-- Task description --
Transcribe the whole listing exactly; the images stay out.

-- Collected data --

========

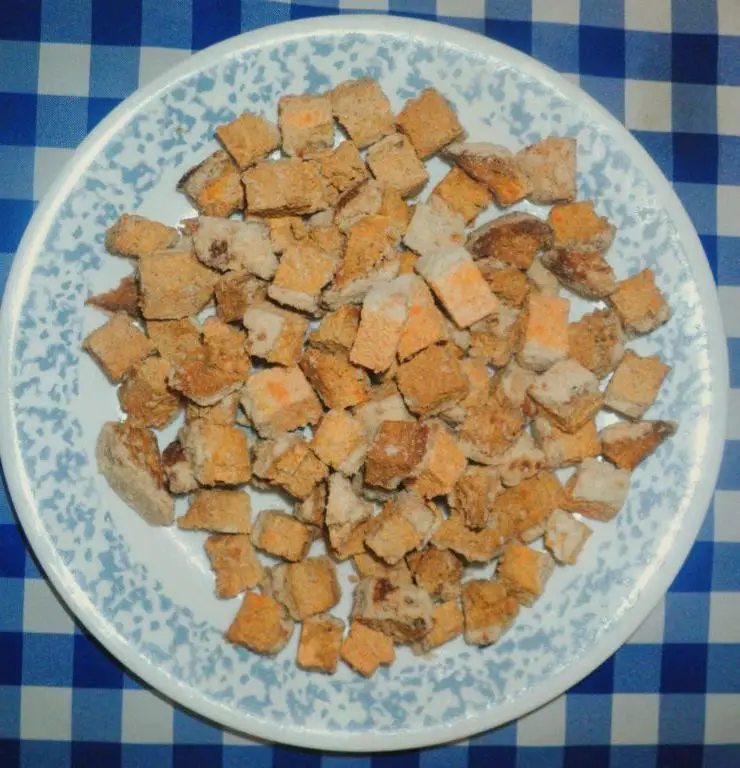 Freeze Dried Sweet Potato Pie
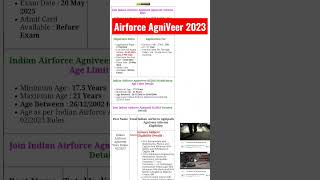 Join Indian Airforce Agnipath Agniveer Scheme 2023 #shorts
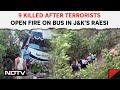 Kashmir Terror Attack | 9 Pilgrims Killed As Bus Falls Into Gorge After Terrorists Open Fire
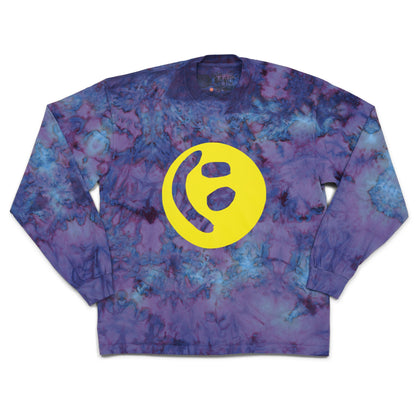 Big Smiley LS Tee [Violet]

========

-- Output of the task --
 Freeze Dried Sweet Potato Pie
 Join Indian Airforce Agnipath Agniveer Scheme 2023 #shorts
 Kashmir Terror Attack | 9 Pilgrims Killed As Bus Falls Into Gorge After Terrorists Open Fire
 Big Smiley LS Tee [Violet]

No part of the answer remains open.